- What you are asked to do
Please restate the entries below word for word, leaving out any pictures.

- Exercise data
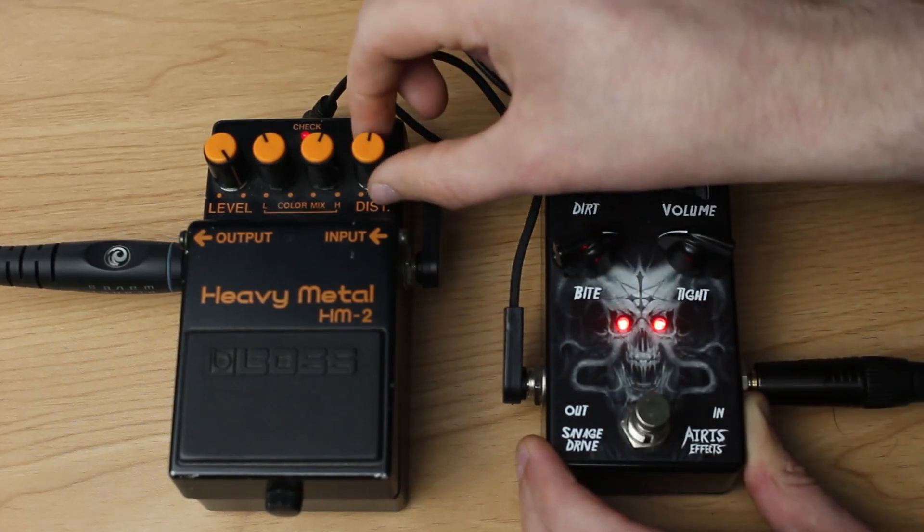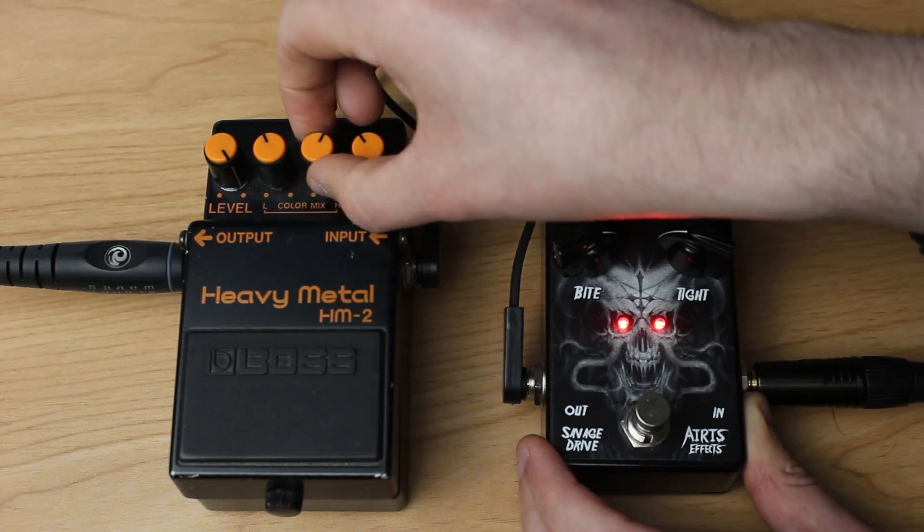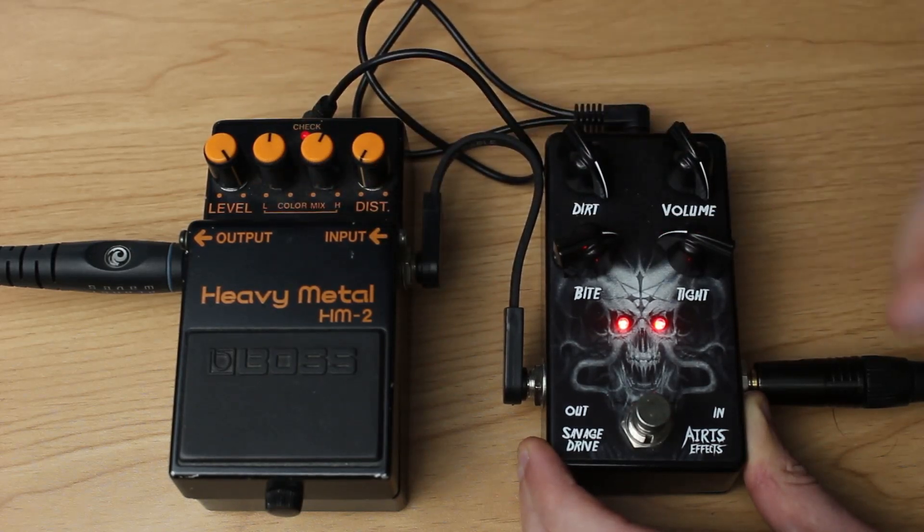I've got to do it with the HM-2. Well, yeah, it can be done, but I felt that the Savage Drive did more to the sound than the Boss HM-2, to be fair. It was okay, though.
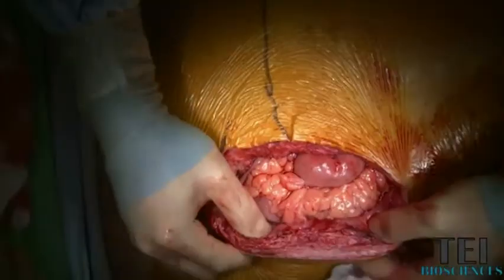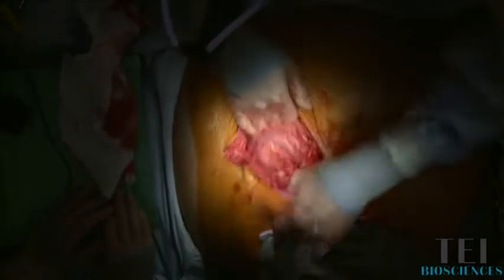We're going to do a standard underlay bioprosthetic mesh with primary myofascial closure and a unilateral component separation on the left side.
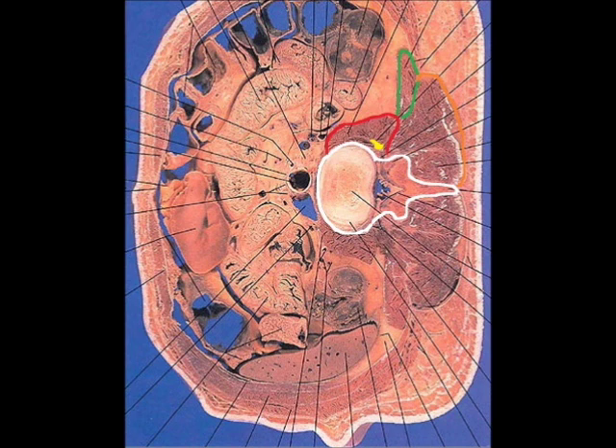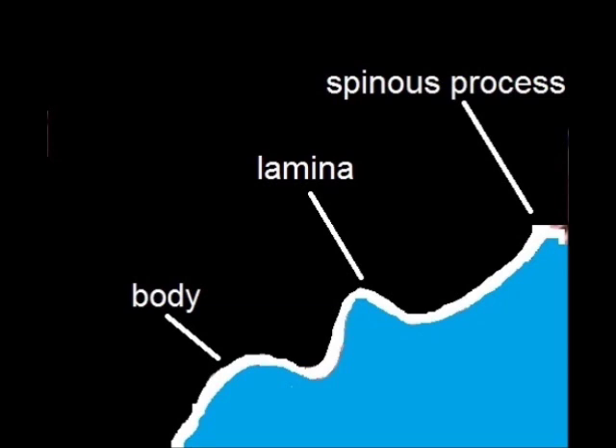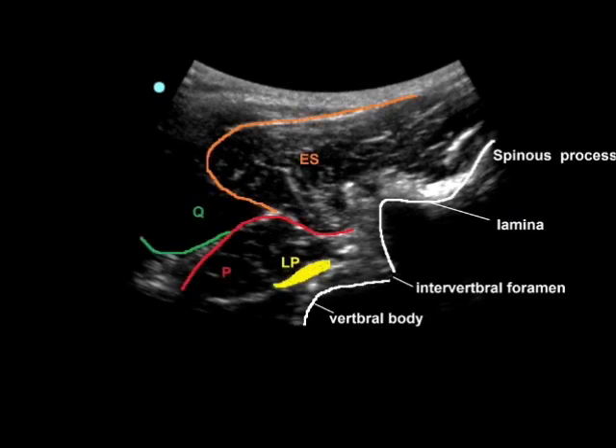Note that the spinous process appears at this level. With the described ultrasound position, the cut will be like this. In this image, if you remove everything except bone, the lateral surface of the spinous process, lamina, and vertebral body will appear like a wave — I call this the wave sign. On the ultrasound image, the wave sign can be identified, and the lumbar plexus can be identified just lateral to the body of the vertebrae.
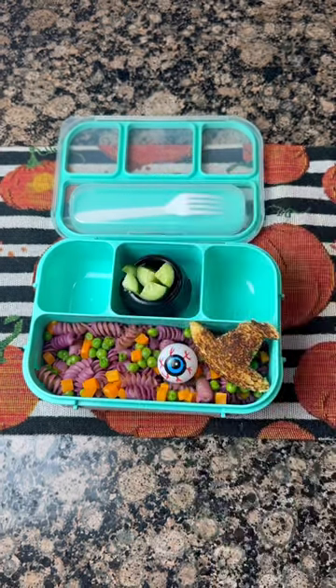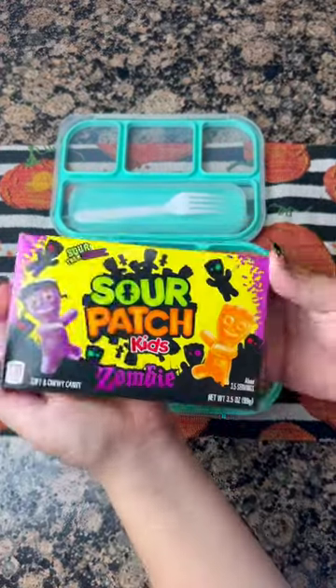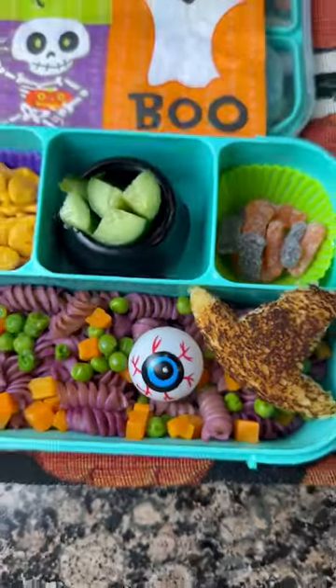On the side, some goldfish, and for the treat, these purple and orange sour patch kids. Come back to see what tomorrow's Halloween themed lunchbox is!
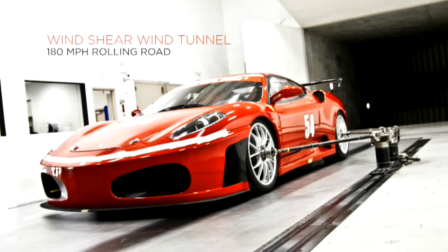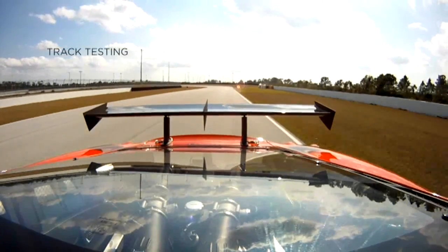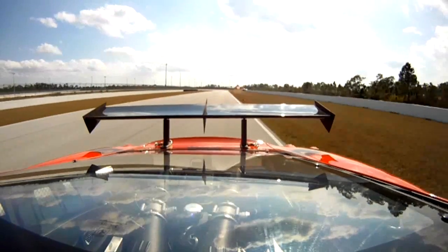So let's say you want to design a part for your Ferrari race car. The expense in composites traditionally has been both the material and the hand layup process. You have to lay all the fiber in the mold, you have to infuse the resin, you trim it, you cut it, you glue it together. It's a lot of labor.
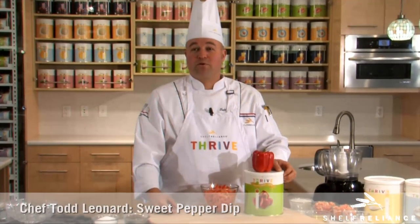From the garden to our can, thrive red bell peppers are our newest product. We hope you enjoy them today. We're going to make a red bell pepper dressing. I'm Chef Todd Leonard — welcome to Thrive Kitchen.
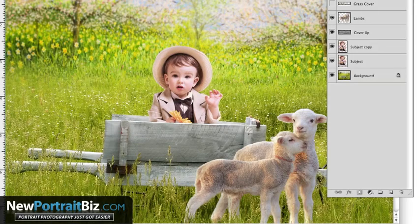Hey everyone, it's Scott with NewPortraitBiz.com. What I want to do today is another short video showing you another technique — another mistake that I see a lot of people making — and how you can correct this to make your images look more realistic, especially when you're using digital backgrounds and props.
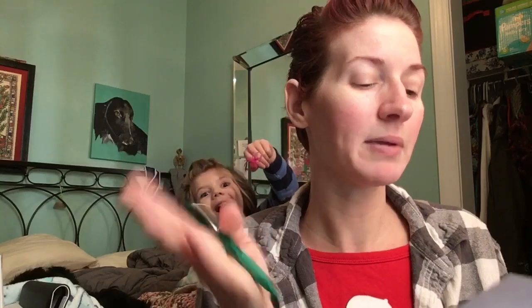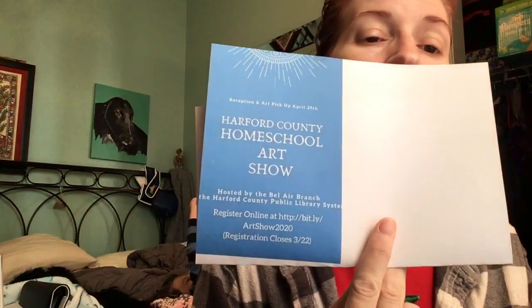We appreciate everything the library has done for us in offering the space and some frames. Again, the shortcut to the registration and the sign-up genius is bit.ly backslash Art Show 2020. This is for April 2020.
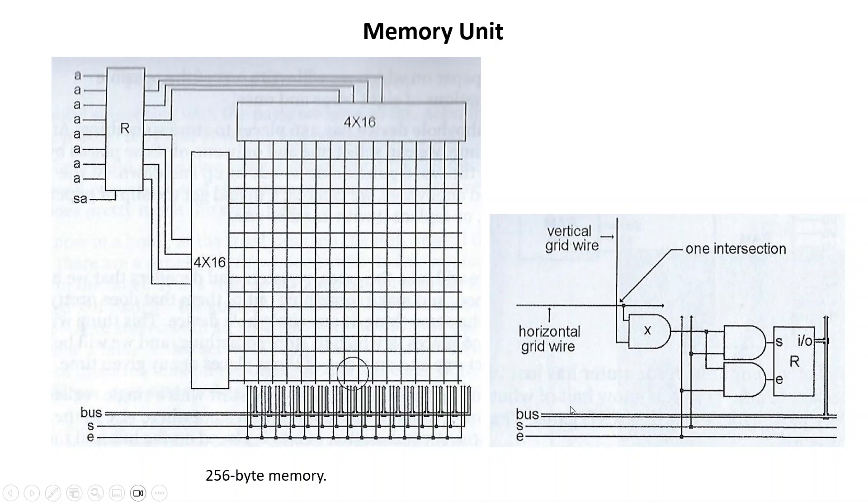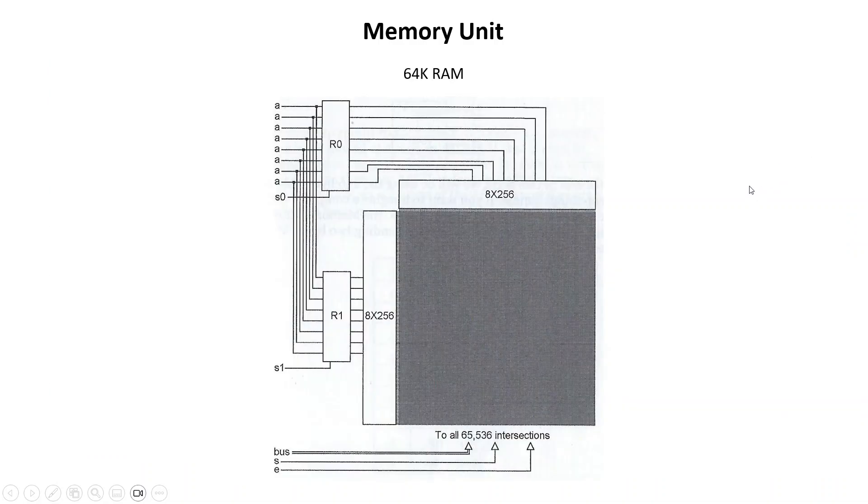That's essentially a store instruction — we're storing data into a memory location. Now if we want to load — like a load instruction from a processor — we're loading from memory onto the data bus. The data bus will be floated so that we can enable one of the memory locations to drive data onto the bus to leave the memory unit.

- Response for this exercise
I've got to do it with the HM-2. Well, yeah, it can be done, but I felt that the Savage Drive did more to the sound than the Boss HM-2, to be fair. It was okay, though.
We're going to do a standard underlay bioprosthetic mesh with primary myofascial closure and a unilateral component separation on the left side.
Note that the spinous process appears at this level. With the described ultrasound position, the cut will be like this. In this image, if you remove everything except bone, the lateral surface of the spinous process, lamina, and vertebral body will appear like a wave — I call this the wave sign. On the ultrasound image, the wave sign can be identified, and the lumbar plexus can be identified just lateral to the body of the vertebrae.
On the side, some goldfish, and for the treat, these purple and orange sour patch kids. Come back to see what tomorrow's Halloween themed lunchbox is!
So let's say you want to design a part for your Ferrari race car. The expense in composites traditionally has been both the material and the hand layup process. You have to lay all the fiber in the mold, you have to infuse the resin, you trim it, you cut it, you glue it together. It's a lot of labor.
From the garden to our can, thrive red bell peppers are our newest product. We hope you enjoy them today. We're going to make a red bell pepper dressing. I'm Chef Todd Leonard — welcome to Thrive Kitchen.
Hey everyone, it's Scott with NewPortraitBiz.com. What I want to do today is another short video showing you another technique — another mistake that I see a lot of people making — and how you can correct this to make your images look more realistic, especially when you're using digital backgrounds and props.
We appreciate everything the library has done for us in offering the space and some frames. Again, the shortcut to the registration and the sign-up genius is bit.ly backslash Art Show 2020. This is for April 2020.
That's essentially a store instruction — we're storing data into a memory location. Now if we want to load — like a load instruction from a processor — we're loading from memory onto the data bus. The data bus will be floated so that we can enable one of the memory locations to drive data onto the bus to leave the memory unit.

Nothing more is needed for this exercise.